INFORMATION SUPPLIED:
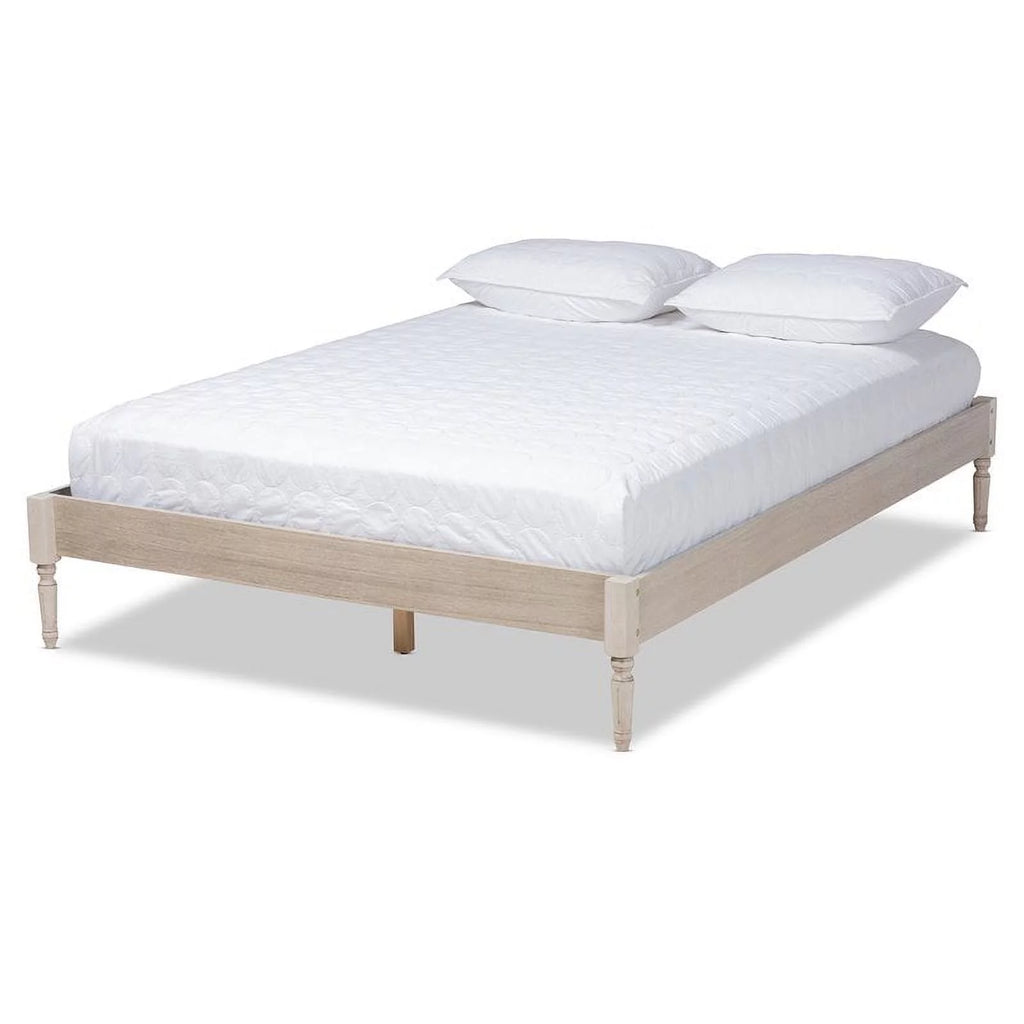 Mid-Century Wood Platform King Bed Q7883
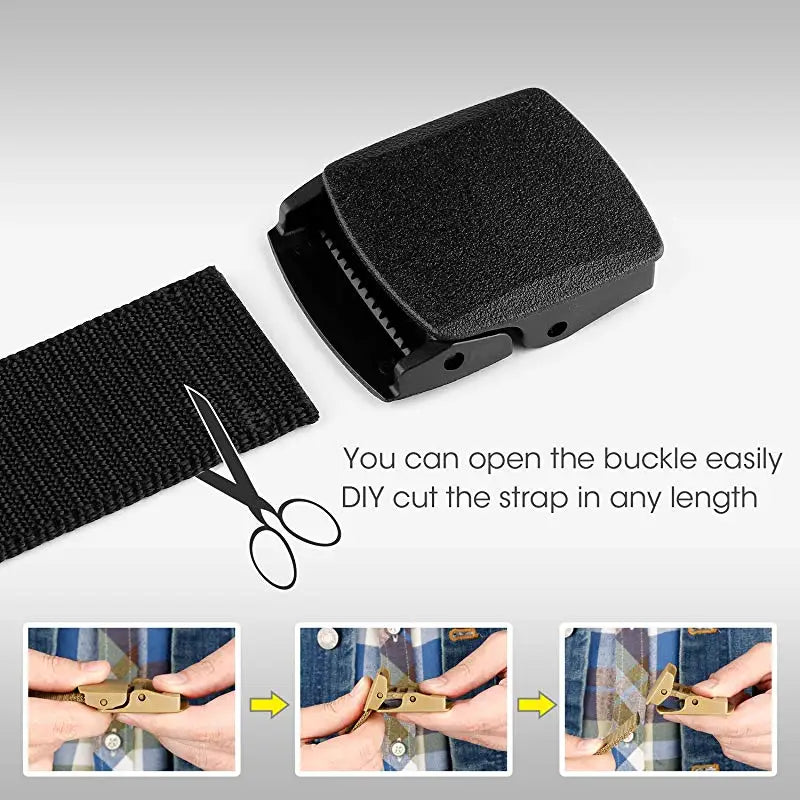 Durable Casual Canvas Belt With Easy Adjust Buckle - Smarsty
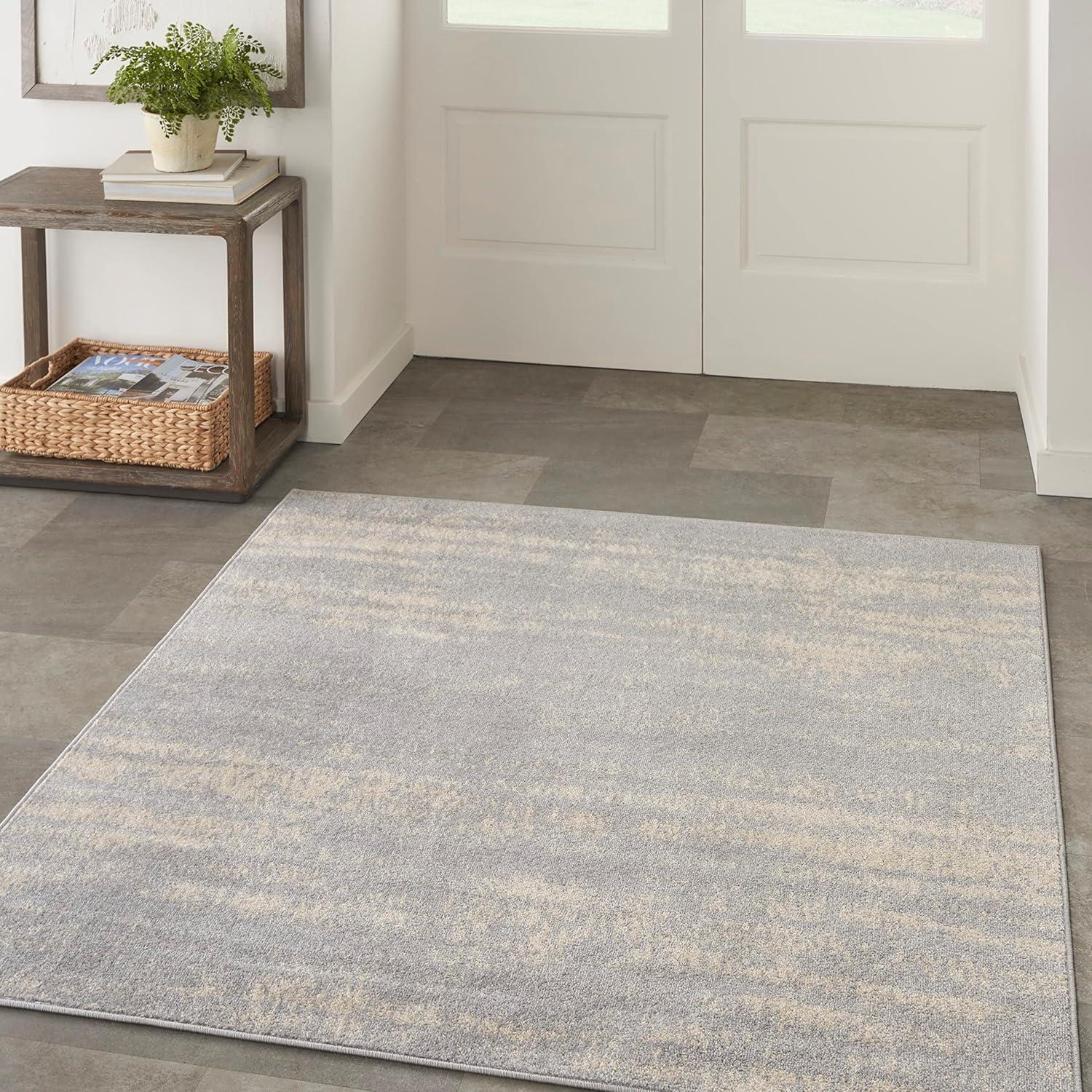 Nourison Essentials 5' x square Grey/Beige Modern Indoor/Outdoor Rug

ACTION ITEM: Every line above gets copied exactly; none of the pictures do.

OUTPUT BELOW:
 Mid-Century Wood Platform King Bed Q7883
 Durable Casual Canvas Belt With Easy Adjust Buckle - Smarsty
 Nourison Essentials 5' x square Grey/Beige Modern Indoor/Outdoor Rug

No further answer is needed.